Racisme, divisions politiques, technologie, désinformation : un album de 12 chansons achevé en 2010 mais conservé pour des raisons inconnues dans la chambre forte du chanteur à Paisley Park, près de Minneapolis, qui semble augurer des crispations sociales actuelles aux États-Unis. Alliant lyrisme et funk langoureux, Prince y décrit sa terre comme le "pays de la liberté" tout autant que celui des "esclaves".
Liberté et justice
L'artiste, mort à 57 ans après une overdose accidentelle de fentanyl, ignorait que quatre ans plus tard, sa ville serait secouée par la colère et les manifestations après la mort de George Floyd.
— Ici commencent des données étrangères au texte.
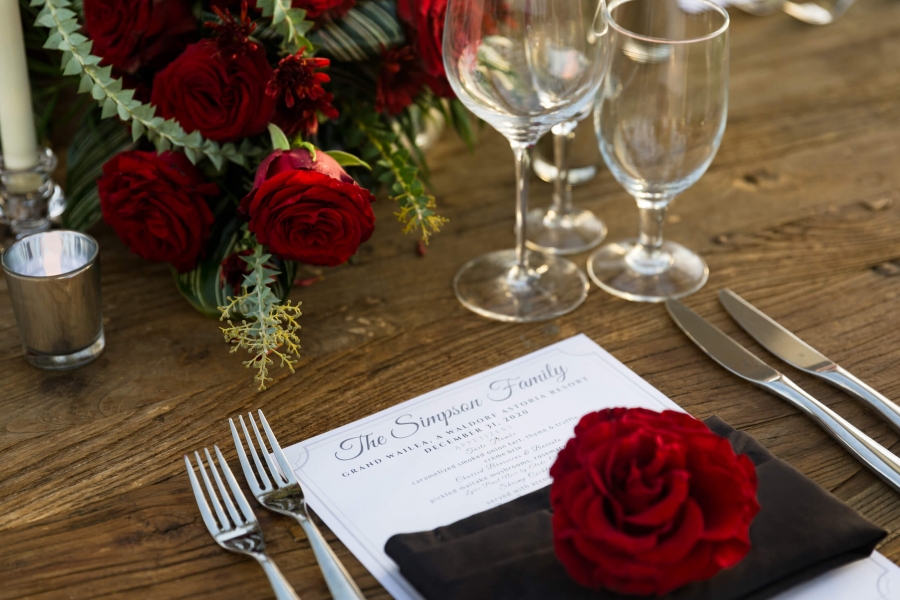 close up of a table setting with empty glassware and red flowers sit on wooden table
Morris Hayes, qui a longtemps été son claviériste et son directeur musical, compare Prince, "très en avance sur son temps", à un "sage assis quelque part dans l'Himalaya". "Il voulait, je crois, un pays qui défende réellement ce qu'il dit défendre : la liberté et la justice pour tous", explique-t-il à nos confrères de l’AFP. Pour Prince, être libre, c'était d'abord avoir le droit de disposer de ses biens. Il était connu pour ses critiques contre l'industrie musicale. Libre, c’était aussi du point de vue technologique. Il comparait les appareils électroniques, de plus en plus répandus, à des "menottes", confie Hayes.
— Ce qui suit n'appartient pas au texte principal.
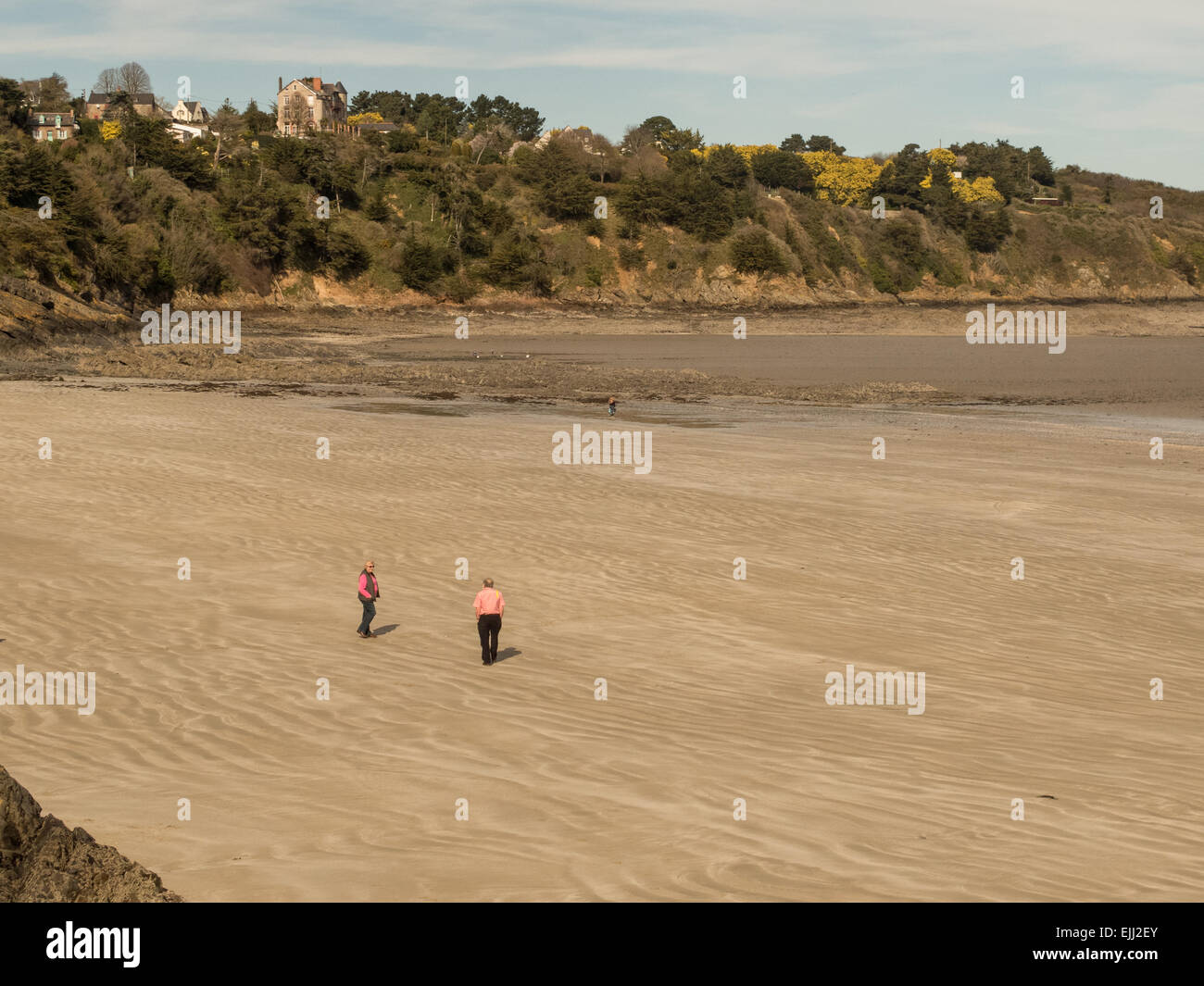 Two people strolling on the beach at Binic Stock Photo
Si l'album aborde des sujets résolument graves, comme le racisme dans Running Game (Son of a Slave Master) ou les conflits religieux dans Same Page, Different Book, il comprend aussi des morceaux plus légers et dansants, comme Hot summer ou Dirty Mind.
L’héritage de son œuvre
Le sort de l'immense quantité de musique laissée par Prince (plus de 8000 selon la légende) est un sujet sensible, tant il contrôlait son travail, son image et sa personnalité énigmatique, soigneusement entretenues. Jusqu'à présent, sa succession (gérée par sa soeur et ses cinq demi-frères et sœurs) a réédité des versions enrichies de ces albums marquants, ainsi que des démos de chansons.
Prince n'avait jamais été clair sur ses intentions concernant ses œuvres inédites mais il avait pris des mesures pour préserver ses archives et son domaine de Paisley Park, ce que ses héritiers ont interprété comme une volonté de les partager. En 2014, il s'était montré sibyllin, quand le magazine Rolling Stone lui avait demandé ce qu'il voulait que son œuvre devienne, une fois disparu. "Je ne pense pas disparaître", avait-il dit.